The answer must be an exact copy of the lines from the one containing "Currently Unavailable T-Shirt" through the last line of the records, with no pictures.
──────────
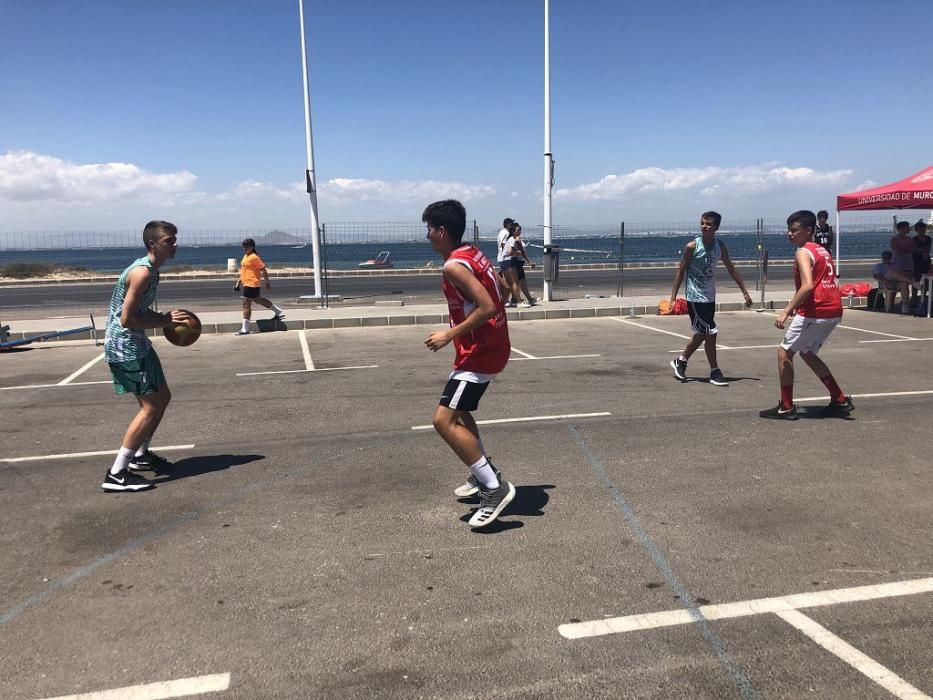 3x3 La Manga 2019 (segundo día por la tarde II)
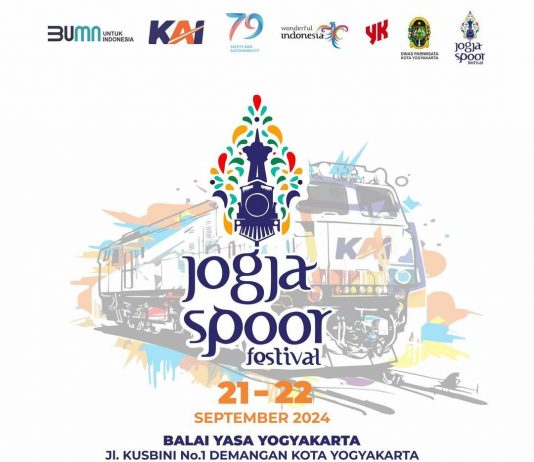 Jogja Spoor Festival 2024 (21-22 September 2024)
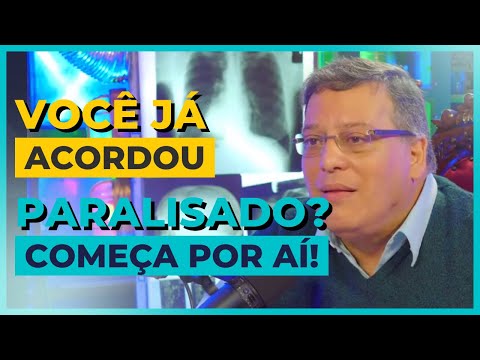 WAGNER BORGES EXPLAINS THE MAIN SYMPTOMS OF ASTRAL PROJECTION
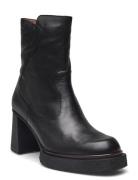 Balm Shoes Boots Ankle Boots Ankle Boots With Heel Black Wonders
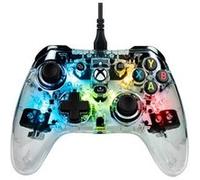 Manette filaire Nacon Evol-X Pro RGB pour Xbox Transparent, Noir, Rouge, Bleu, Jaune, Vert, Blanc E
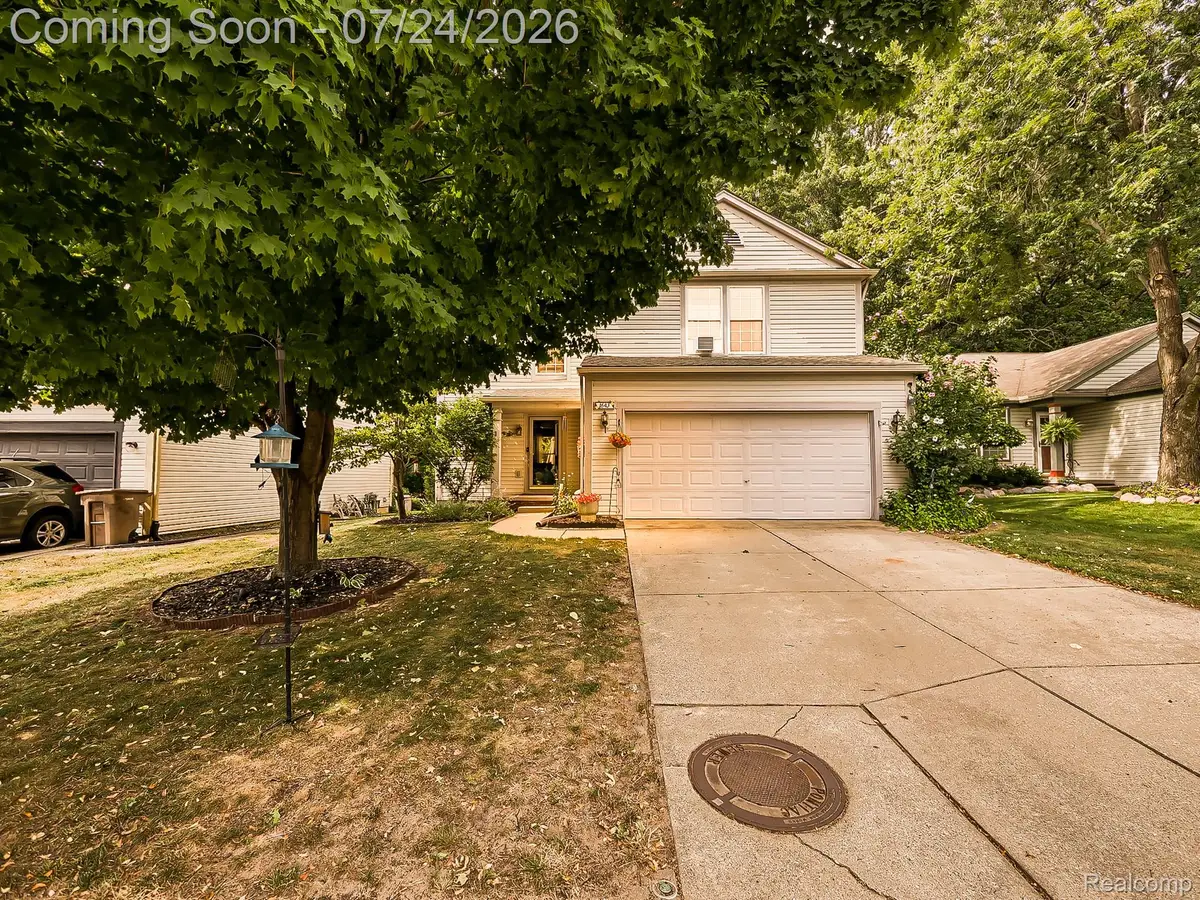 1643 Prairie Drive, Pontiac, MI 48340 - #1
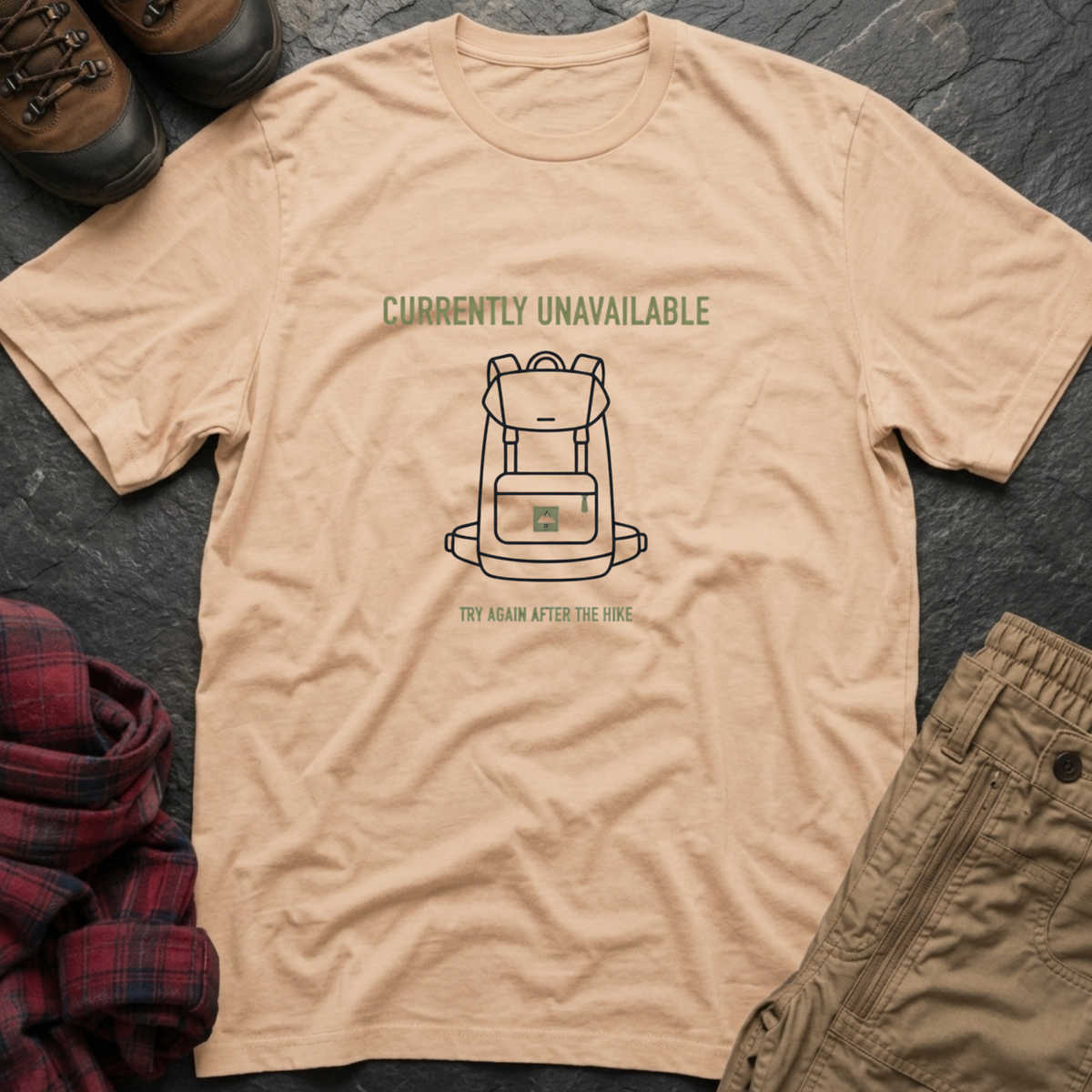 Currently Unavailable T-Shirt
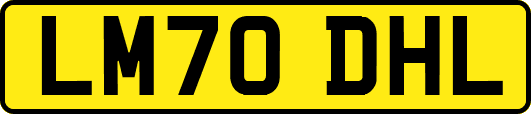 LM70DHL
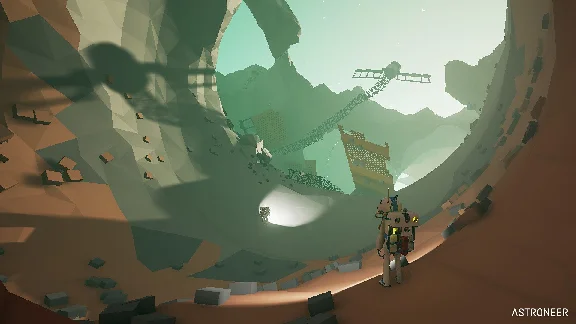 ⭐️Astroneer / Steam Key / РФ+МИР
──────────
◆ **Reply to the task**:
 Currently Unavailable T-Shirt
 LM70DHL
 ⭐️Astroneer / Steam Key / РФ+МИР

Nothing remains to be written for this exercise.